I love what Father Jacques Phillippe writes in one of his books, In the School of the Holy Spirit:
God loves everyone with unique love, He wants to lead them all to perfection, but at the same time has very different paths for different people. This means that the frequency and characteristics of the inspirations of grace will differ from one person to another. We cannot force the Spirit, God is the master of His gifts.
This means that God is the master of everything in our lives. And He makes no mistakes. So regardless of what your life looks like at this moment, you are never less valued or less loved than any woman who may “appear” to you to have been more blessed than you in different areas.
It’s all about perspective. I am convinced that comparison in any shape or form is truly not from the Lord. Instead, I feel that it is the evil one who loves when we are trapped in the world of comparison.

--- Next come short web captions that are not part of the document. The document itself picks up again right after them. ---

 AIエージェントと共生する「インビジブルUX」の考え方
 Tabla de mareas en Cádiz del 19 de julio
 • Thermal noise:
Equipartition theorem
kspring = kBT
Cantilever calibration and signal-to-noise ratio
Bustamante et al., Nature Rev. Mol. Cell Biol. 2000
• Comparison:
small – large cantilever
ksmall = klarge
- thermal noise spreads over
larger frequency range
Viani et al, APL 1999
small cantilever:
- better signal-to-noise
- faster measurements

That way, he can manipulate us to be in constant competition with one another, forgetting that, as sons and daughters of the same Father, we are all in this together.
Learning to Live Your Strengths
Years back, I was introduced to a book that has really helped me understand how God has given all of us different gifts and talents for a reason: to serve Him and His people to the best of our abilities (not someone else’s ability).
Living Your Strengths (Catholic Edition), by Albert Winseman, Don Clifton, and Curt Lisveld, will help you discover your God-given talents so you can best serve and inspire your community. This book will also show you how to concentrate on your strengths and not on your weaknesses. The book also comes with a strengths-finder evaluation.
God is not looking for another Mother Teresa. He’s looking to use you, exactly where you are on your journey. But for this to happen, you need to get to know yourself better, discover what you are good at, what areas you thrive the most and so on.
Let us pray that we will learn to keep the thief we call comparison as far away from us as possible.
How do you avoid the trap of comparison on a daily basis? What practices have been helpful to you?